I've got to stop here for now. More about the Mall and its demise tomorrow. Feel free to include your own thoughts, anecdotes, and memories in the comments. Also, feel free to ridicule the Tulsa Whirled's hideous building. (That's it! The building makes me think of the third book in C. S. Lewis's space trilogy: That Hideous Strength.)
TulsaNow announces a meeting tonight:
Tonight, July 12th, is a community meeting addressing concerns about Tulsa building demolitions. The meeting will be held from 5:30pm to 7:30pm at Harwelden Mansion, located at 2210 South Main Street. Julie Miner, with the Mayor’s economic team, has agreed to kick start the evening with a 20 minute presentation on the problems related to why Tulsa buildings are being demolished and on solutions to prevent future events from occurring. As a TulsaNow member or friend, we suspect you may share our concerns about the demolition of some of our history. Please feel free to join us this evening if your schedule permits.
In reply to my introduction to the historical photo blog Lost Tulsa, reader Adam Kupetsky writes to let me know of a photo blog focusing on abandoned and soon-to-be-demolished buildings in Tulsa.
The Abandoned Tulsa Project is the work of Alison Zarrow. There are photos of the Tulsa Auto Hotel (a 1920s multilevel garage, which is being demolished by Trinity Episcopal Church for -- you guessed it -- a surface parking lot), Lowell Elementary School on North Peoria, the Camelot Inn, the Drexel Building (where the race riot began), the original Temple Israel synagogue near 14th and Cheyenne, the recently-closed Rose Bowl, and Oral Roberts' first building -- the Abundant Life Building near 16th and Boulder. For most of the buildings there are photos of the interior as well as the exterior.
(The demolition of the Tulsa Auto Hotel appears to be part of an ongoing project to demolish all historic Tulsa buildings prior to the 2008 National Preservation Conference.)
It's great that there are two bloggers trying to document some of the fascinating pieces of Tulsa's built environment while it's still here to be seen.
I should mention, because I haven't for a while, Tulsa TV Memories, where webmaster Mike Ransom collects tidbits of Tulsa's pop culture via the site's guestbook (where you'll find comments from Tulsa broadcast media veterans like Lee Woodward and Carl "Uncle Zeb" Bartholomew), then organizes them by topic.
The more the merrier -- there's plenty of undocumented Tulsa history to go around.
Some time ago, in response to an entry about Bates Elementary School here in Tulsa (now home to Central Assembly of God and Regent Preparatory School), Kevin Walsh, webmaster of the wonderful Forgotten NY, commented, "How about starting a Forgotten Tulsa website?"
I haven't had time to pursue the idea, but I was happy to discover today that another blogger has made a start. Tom Baddley started Lost Tulsa just a couple of weeks ago, and his blog features some of the history and photos of the Northland Shopping Center; a photo of Mayo Meadow Shopping Center's sign; and a photo of the old Safeway at 11th and Denver.

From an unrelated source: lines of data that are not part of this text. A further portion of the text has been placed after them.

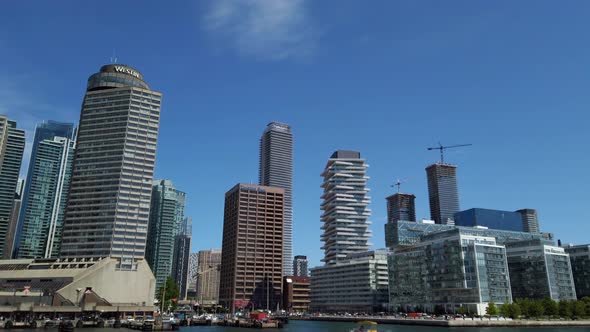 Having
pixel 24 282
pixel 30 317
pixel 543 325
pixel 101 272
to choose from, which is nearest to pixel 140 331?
pixel 30 317

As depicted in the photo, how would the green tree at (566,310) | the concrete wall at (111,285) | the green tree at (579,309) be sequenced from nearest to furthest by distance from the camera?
1. the concrete wall at (111,285)
2. the green tree at (566,310)
3. the green tree at (579,309)

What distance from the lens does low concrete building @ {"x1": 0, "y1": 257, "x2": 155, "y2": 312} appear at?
167 m

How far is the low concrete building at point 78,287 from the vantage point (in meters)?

The most recent entry features an animated image of the Sheridan Lanes neon sign -- maybe the best surviving piece of neon art in the city -- and a link to a gallery of interesting signs around Tulsa.
In his first entry, Tom writes, "I hope you find my odd obsession marginally interesting." A lot of us share your odd obsession, and we'll look forward to obsessing along with you. Thanks for taking the initiative.